The decision by the 3rd Court of Appeals exonerating former U.S. House Republican Majority Leader Tom DeLay of all wrongdoing likely brings closure to a shameful prosecution that should never have happened. It would not have happened had Ronnie Earle not stretched, twisted and contorted the law as he pursued DeLay with an obsession like that of Police Inspector Javert in Les Miserables.
Why did he do it? Perhaps Earle, the former Travis County district attorney, actually believed his soaring rhetoric about corporate money corrupting America’s political system. The cynic would say it was something more crass or devious … political partisanship, the national spotlight or personal ambition. Whatever his motives, all he ultimately accomplished was destruction of the political career and finances of an innocent man.
Earle was pushed and prodded by Craig McDonald, director of Texans for Public Justice, a one-man operation funded by personal injury lawyers and George Soros. McDonald’s sole function is to expose anything he thinks might be an ethical lapse by a Republican. He was no stranger to Earle’s office.
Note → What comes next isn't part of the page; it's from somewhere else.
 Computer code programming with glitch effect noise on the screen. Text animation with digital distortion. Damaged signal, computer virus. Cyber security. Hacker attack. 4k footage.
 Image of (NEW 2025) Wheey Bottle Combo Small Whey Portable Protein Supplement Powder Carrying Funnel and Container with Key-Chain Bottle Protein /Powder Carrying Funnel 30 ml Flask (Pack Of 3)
The facts in the case are generally uncontested. In August 2001, DeLay helped organize a general purpose political committee named Texans for a Republican Majority, or TRMPAC, with the stated purpose of helping finance Republican candidates for public office. TRMPAC received both corporate and individual checks and kept them in segregated accounts.
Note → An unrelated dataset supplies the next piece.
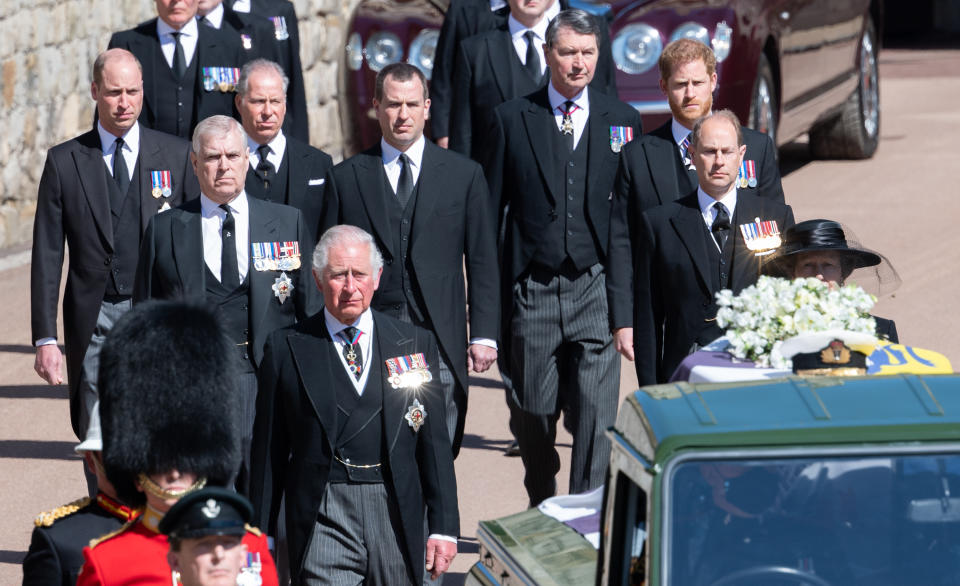WINDSOR, ENGLAND - APRIL 17: Prince Charles, Prince of Wales, Prince Andrew, Duke of York, Prince Edward, Earl of Wessex, Prince William, Duke of Cambridge, Peter Phillips, Prince Harry, Duke of Sussex, Earl of Snowdon David Armstrong-Jones and Vice-Admiral Sir Timothy Laurence follow Prince Philip, Duke of Edinburgh's coffin during the Ceremonial Procession during the funeral of Prince Philip, Duke of Edinburgh on April 17, 2021 in Windsor, England. Prince Philip of Greece and Denmark was born 10 June 1921, in Greece. He served in the British Royal Navy and fought in WWII. He married the then Princess Elizabeth on 20 November 1947 and was created Duke of Edinburgh, Earl of Merioneth, and Baron Greenwich by King VI. He served as Prince Consort to Queen Elizabeth II until his death on April 9 2021, months short of his 100th birthday. His funeral takes place today at Windsor Castle with only 30 guests invited due to Coronavirus pandemic restrictions. (Photo by Pool/Samir Hussein/WireImage)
Texas political committees keep these accounts separate because Texas limits the use of corporate money. Corporate donations can be used for many purposes, but a direct corporate donation to a candidate is prohibited.
In September 2002, TRMPAC legally sent $190,000 from their corporate account to a national political committee. Over the next two months, the committee legally sent non-corporate checks totaling more than $400,000 to various Texas candidates. Although this was a common practice of groups affiliated with both political parties, McDonald filed a complaint against DeLay with Earle.
Three years passed, and just days before the statute of limitations would have expired, Earle presented his case to a grand jury, but it failed to act. He took it to another grand jury, and they “no-billed” DeLay. Earle finally convinced a third grand jury to indict DeLay for money laundering.
Almost five years later, the case went to trial, and a jury found DeLay guilty. On Sept. 19, the 3rd Court of Appeals in a clear, well-reasoned opinion set aside the verdict and rendered judgment of acquittal. But for the political overtones, the decision was neither groundbreaking nor legally significant.
Fans of the television program “Breaking Bad” know what constitutes money laundering. Walt manufactures crystal meth and is paid for his illegal activity. His wife, Skyler, declares the money as income on the books of their car wash business, which is then transferred to them as profits of that legitimate business.
To be illegal, the laundered money must be obtained illegally. If a friend gives Skyler money for Walt’s cancer treatment and she deposits it into the business, there is no crime. Since TRMPAC’S money was legally obtained, there was no crime.
The jury struggled with that issue. During deliberations they twice asked the judge if a person could be guilty of money laundering if the money wasn’t originally procured by illegal means. At the urging of the prosecutor, the judge declined to directly answer their question.
The appeals court noted that the answer was clearly no and the judge should have properly advised them. The jurors were confused about the law, attempted to gain clarification and were denied the information.
District Attorney Rosemary Lehmberg has publicly criticized the court’s decision, claiming the justices substituted their opinion of the facts for the jury’s. Like so many of the public pronouncements coming out of the DA’s office throughout this case, the statement is wrong, misleading and disingenuous.
Earle prosecuted DeLay for violating what Earle thought the law should be, not what the law is. The facts he proved did not constitute a crime. He produced smoke, but no fire.
Reasonable people can believe that transactions like these between political committees should be illegal, but that is a legislative decision, not a prosecutor’s decision. We are a nation of laws, and it is prosecutorial misconduct for a district attorney to target a politician he dislikes, accuse him of a crime that doesn’t exist and use the powers of his office to professionally and financially destroy him.
When the next Legislature convenes and considers the funding and governance of the Public Integrity Unit, Earle and Lehmberg will have much to explain.
Smith, an Austin lawyer, is a former Texas legislator and worked on the gubernatorial staff of Gov. George W. Bush and for former House Speaker Tom Craddick.